We have another Southwest Airlines story about the DoT to share with you. Unlike the meltdown, this story has a happy ending with zero costs.

We do a lot of data modeling. Crunching through the DoT data, we frequently find glaring errors – errors the DoT should pick up if they audit their data. However, they don’t do enough auditing and pick up glaring errors.

In early April 2023, we decided to try something different after being unable to get the DoT to fix annoying data errors.  We contacted an airline directly to ask about their data filing.  The airline was Southwest, and here is the story.

Background
US airlines must file operational data with the regulator, the US DoT. The main legal requirement falls under Section 329 (b). 49 USC 329_ Transportation information

These regulations provide some of the richest airline data to be found anywhere. For anyone following commercial aviation, this data cornucopia is an excellent place to find all sorts of aircraft and airline data nuggets. For example, regardless of which market one is focused on, the US DoT data arguably provides the best metrics, enabling an analyst to get a benchmark for almost every aircraft.

While the DoT datasets are very useful, they are prone to error. The most common error, in our experience, is airlines misfiling data. We have been building data models using DoT data since 2019 and found several anomalies.

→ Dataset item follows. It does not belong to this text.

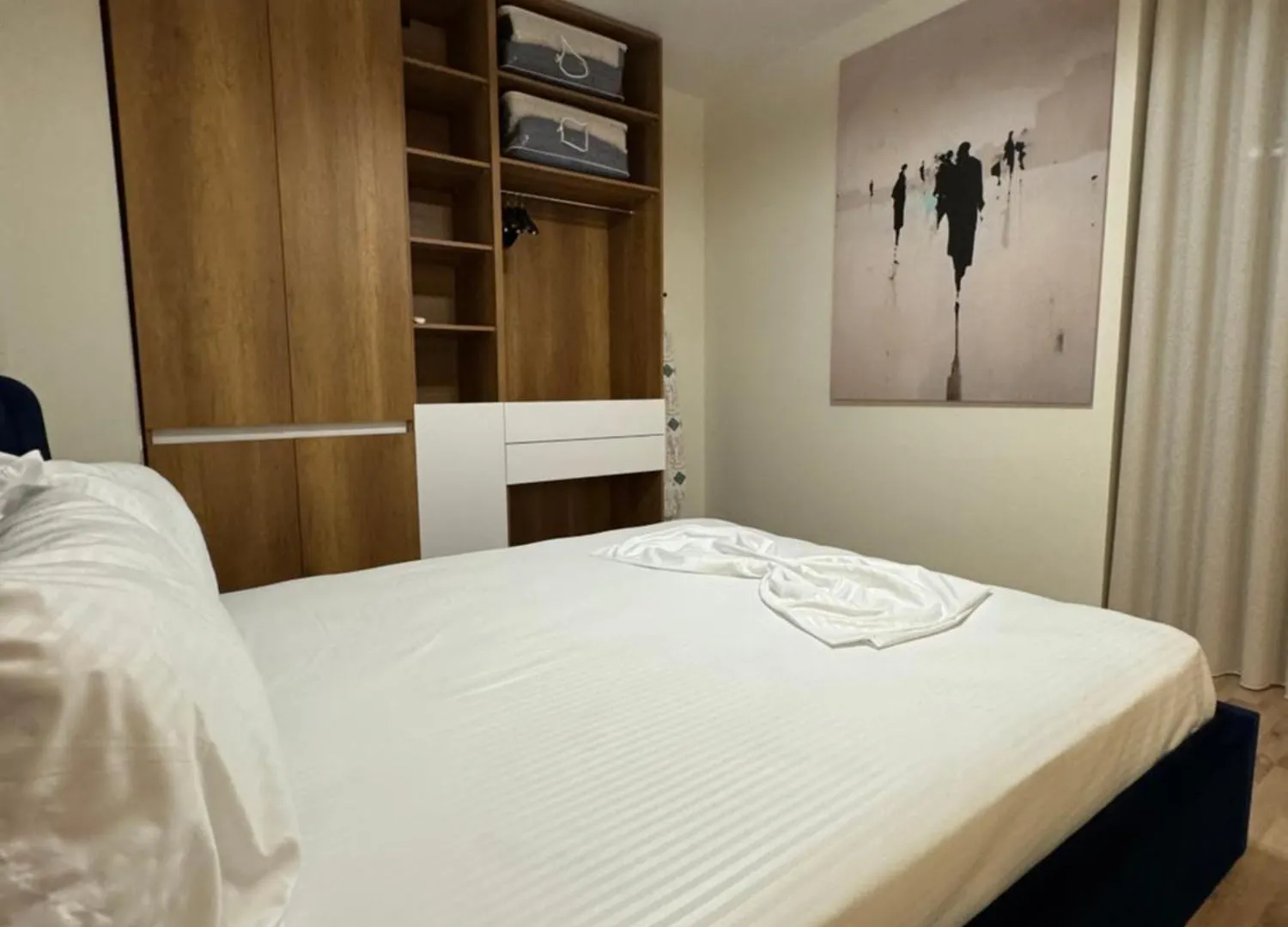 Tirana Primo Apartment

When we found these and notified the DoT, we were given a polite response. But typically, nothing was done to fix the error. In one classic response to an inquiry about an obvious data error, we were told, “I agree with you, but not sure anything can be done about it.” This is the response from the regulator. This apathy is why the DoT missed another $75m in fines.

The regulator has tools to solve the problem. The agency’s webpage lists several fines imposed on airlines that have broken the law. Regulations allow the DoT to fine an airline $27,500 per day per report. That adds up quickly.

The Problem
We extensively use the DoT’s T2 dataset, which has valuable metrics that report airline operations. We noticed an anomaly in the Southwest Airlines data during a routine data model update. Here’s what we found.

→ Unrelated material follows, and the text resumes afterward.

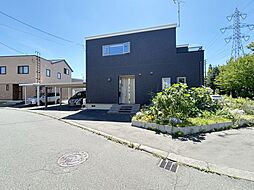 厚別北6条4丁目　戸建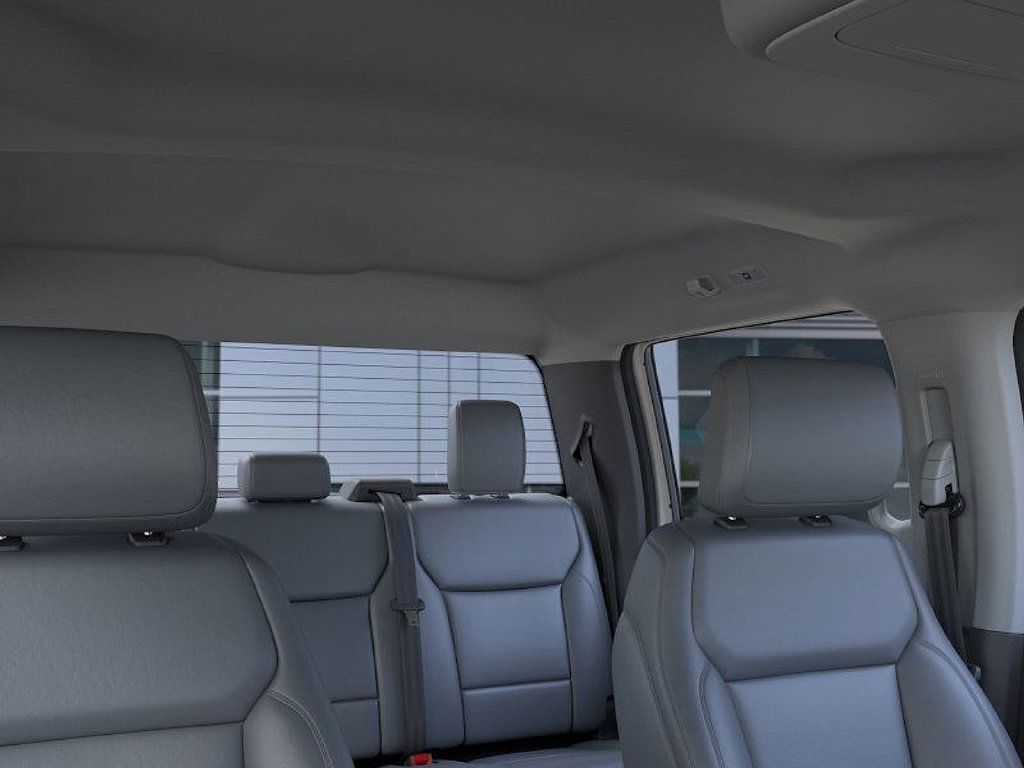 New 2025 Ford F150 Lightning Flash AWD/4WD image 22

The following chart should show all aircraft close to the 100% line – airlines do not fly their fleet on non-revenue operations if things are normal. The chart clearly shows that for Southwest from 1Q21, there was a problem – the MAX 8 (7M8) data was going way off, and the 737-800 (738) was also behaving unexpectedly. This was a red flag – something was not right.

T2 AirInsight

Drilling down into more metrics in our data audit, we discovered more evidence that the Southwest filings were awry. The following charts illustrate the findings. We number three items that warrant special note. Remember, the MAX8 was grounded for several months, which explains the data gaps.

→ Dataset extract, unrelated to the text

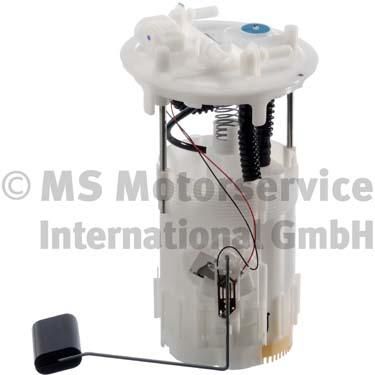 PIERBURG 7.02552.37.0 Sender Unit, fuel tank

  1. The first item is the ratio of air hours per day. We expect to see the fleet operate in a consistent pattern. After the MAX 8 returned to service, we saw it did not operate at expected levels.
  2. The second item looks at flights per day. Once again, we expect to see a consistent pattern. Notice that for non-numbered metrics, all three models at Southwest operate consistently. Why would Southwest use a new, much more efficient model that is less fuel-efficient than its older models?
  3. Finally, the kicker, in many ways, is item three. The MAX 8 is expected to perform ~16% better in fuel burn than its predecessor, the 737-800. Here, we see the MAX 8 with a shocking fuel burn. This is not just implausible – it defies logic. Would Southwest, an airline known to be very efficient, tolerate this performance?
T2 AirInsight

 

T2 AirInsight

We have more evidence demonstrating Southwest was misfiling data. The table lists the available seat miles per gallon of fuel. In US airline service, three airlines fly the 737-800 and the MAX8. The numbers listed for each airline and year show by what percentage the MAX8 is better than the 737-800.

Boeing and CFM (the engine maker) projected the MAX 8 would deliver 16% better fuel burn than the 737-800. It turns out that, in US service, it was a low estimate.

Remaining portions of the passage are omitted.